A causa del grave fenomeno dell’erosione delle aree costiere destinato ad aggravarsi per effetto dei cambiamenti climatici, anche la Calabria sta perdendo parte delle proprie spiagge: nel complesso oltre il 26% della costa bassa regionale è in erosione. Sempre a livello regionale il rapporto di Legambiente segnala il valore particolarmente elevato – in rapporto alle altre regioni – delle concessioni balneari, che corrispondono al 13,8 per cento del totale italiano.
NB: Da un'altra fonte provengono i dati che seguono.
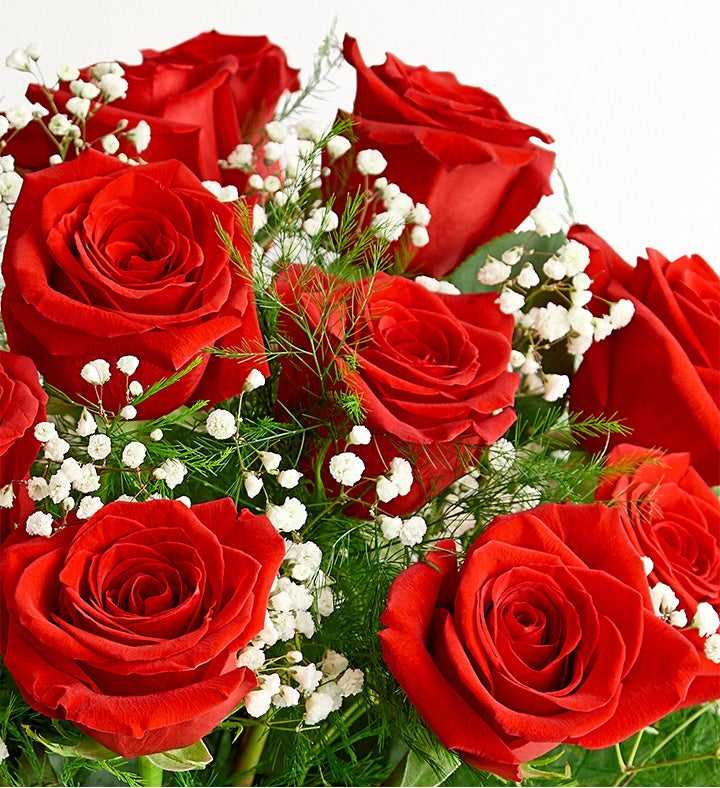 Rose Elegance™ Long Stem Red Roses Bouquet Only
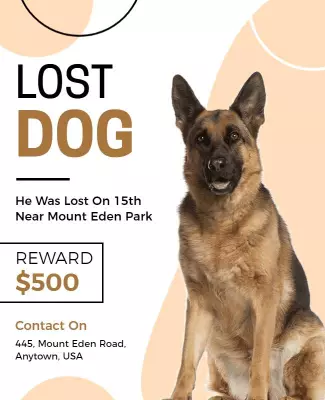 Bold Orange Lost Dog Announcement Poster Template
In Calabria – dove ci sono 614 km di spiagge – il totale di concessioni di demanio marittimo è di 4.665, delle quali 1.677 per stabilimenti balneari, per un totale del 29,4 % di costa sabbiosa occupata.
Tutte queste ragioni dovrebbero indurre la Regione Calabria a limitare l’occupazione delle spiagge, alzando il relativo limite regionale, attualmente solo del 30% a fronte del 60% di altre regioni come Puglia e Sardegna. Sarebbe necessario in questa situazione un rigoroso controllo ambientale sulle concessioni, che al momento durano da decenni, con il pagamento di canoni molto bassi e con stabilimenti balneari che spesso si trasformano in veri e propri locali che occupano il demanio in maniera stabile. La prospettiva verso cui occorre andare, insomma, è ben altra rispetto a quella prospettata dalla giunta regionale.
La Direttiva Bolkestein prevede, peraltro, che gli Stati membri possono tenere conto, nello stabilire le regole della procedura di selezione, di considerazioni di salute pubblica, di obiettivi di politica sociale della salute e sicurezza dei lavoratori dipendenti ed autonomi, della protezione dell’ambiente, della salvaguardia del patrimonio culturale e di altri motivi imperativi di interesse generale conformi al diritto comunitario. Gli stabilimenti balneari ed i titolari delle attuali concessioni che hanno ben lavorato ed investito nella giusta direzione non devono avere timore delle gare europee.
Il modello da seguire deve essere costituito da investimenti, sostenibilità e qualità per creare occupazione reale ed al contempo proteggere l’ambiente in base a criteri posti alla base, ad esempio, della prassi UNI per gli stabilimenti accessibili e sostenibili definita da Legambiente. In sostanza si devono tutelare gli imprenditori seri, onesti ed attenti all’ambiente ed alla legalità.
«La soluzione non può e non deve certamente essere quella di cedere ulteriore spiaggia – conclude Legambiente – sottraendola all’uso libero e gratuito della collettività per metterla a bando».